DATASET RECORDS —
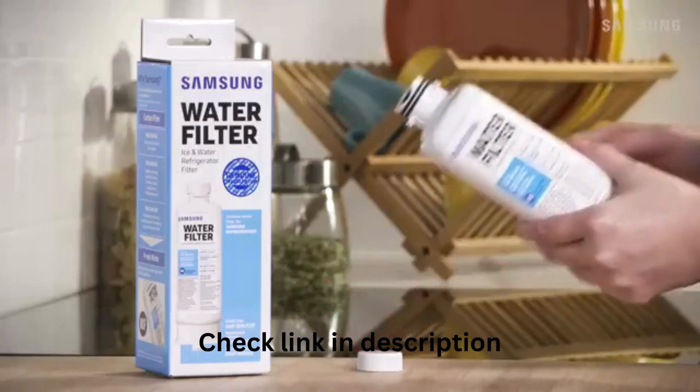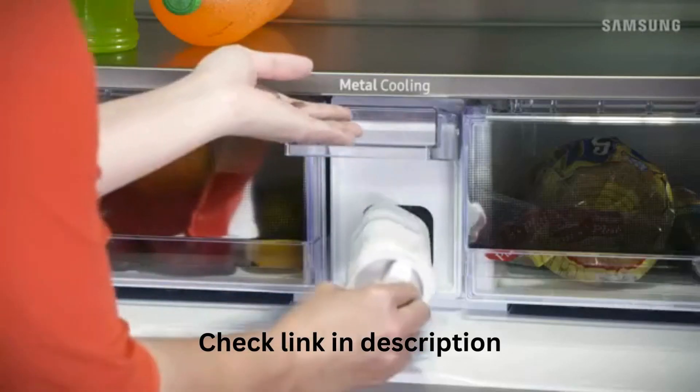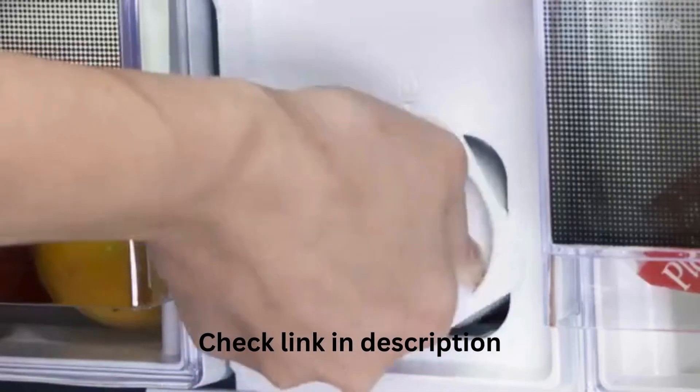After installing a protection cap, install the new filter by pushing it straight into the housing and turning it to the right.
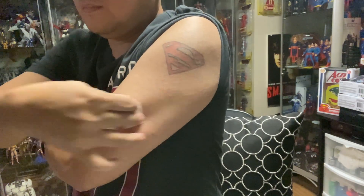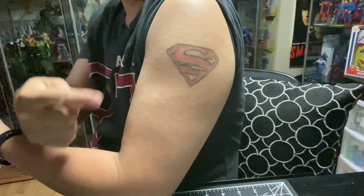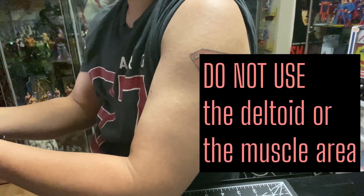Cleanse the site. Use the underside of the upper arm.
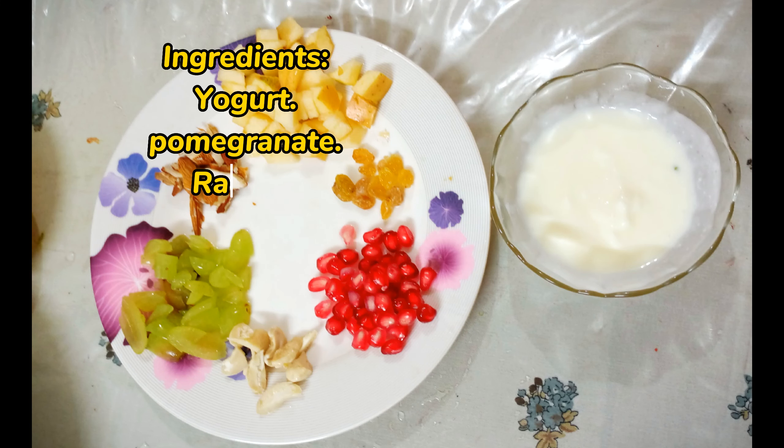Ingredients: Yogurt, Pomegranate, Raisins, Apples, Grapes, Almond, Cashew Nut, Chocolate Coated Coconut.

--

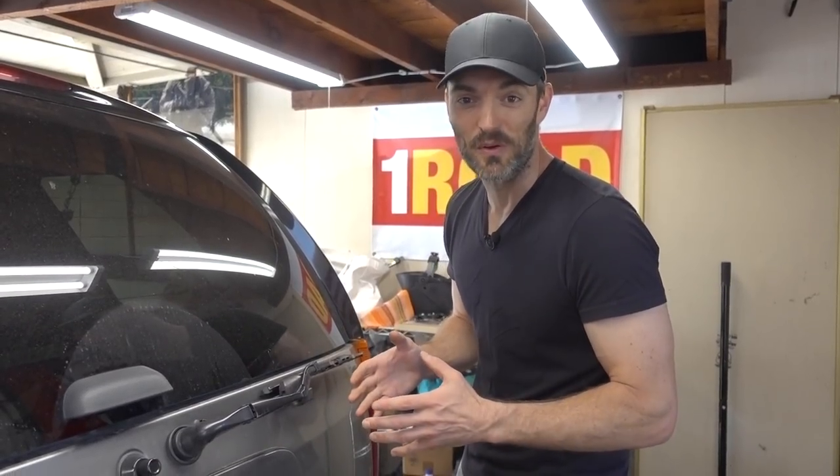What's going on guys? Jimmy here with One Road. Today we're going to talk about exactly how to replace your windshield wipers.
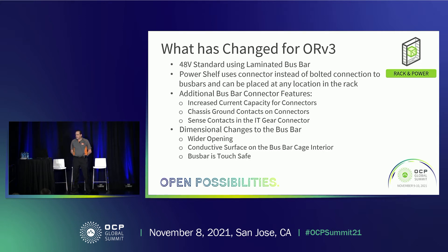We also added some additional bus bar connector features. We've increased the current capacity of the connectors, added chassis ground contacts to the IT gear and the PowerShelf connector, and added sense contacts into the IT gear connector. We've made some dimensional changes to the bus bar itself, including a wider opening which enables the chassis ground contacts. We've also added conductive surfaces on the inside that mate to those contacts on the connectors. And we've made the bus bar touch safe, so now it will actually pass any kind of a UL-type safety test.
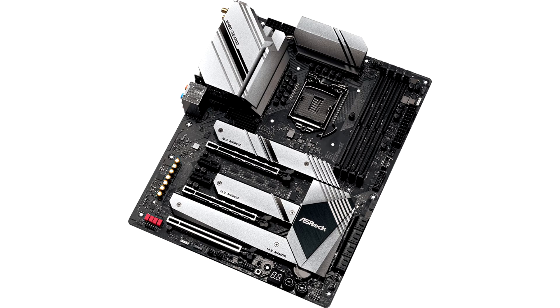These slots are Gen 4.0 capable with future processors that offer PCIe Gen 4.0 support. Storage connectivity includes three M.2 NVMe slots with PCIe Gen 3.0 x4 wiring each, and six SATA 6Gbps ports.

TASK INSTRUCTIONS — If a picture sits between the line containing "After installing a" and the line containing "Chocolate Coated Coconut.", leave it out, and return the lines of that range above exactly, both ends included.

EXERCISE ANSWER —
After installing a protection cap, install the new filter by pushing it straight into the housing and turning it to the right.
Cleanse the site. Use the underside of the upper arm.
Ingredients: Yogurt, Pomegranate, Raisins, Apples, Grapes, Almond, Cashew Nut, Chocolate Coated Coconut.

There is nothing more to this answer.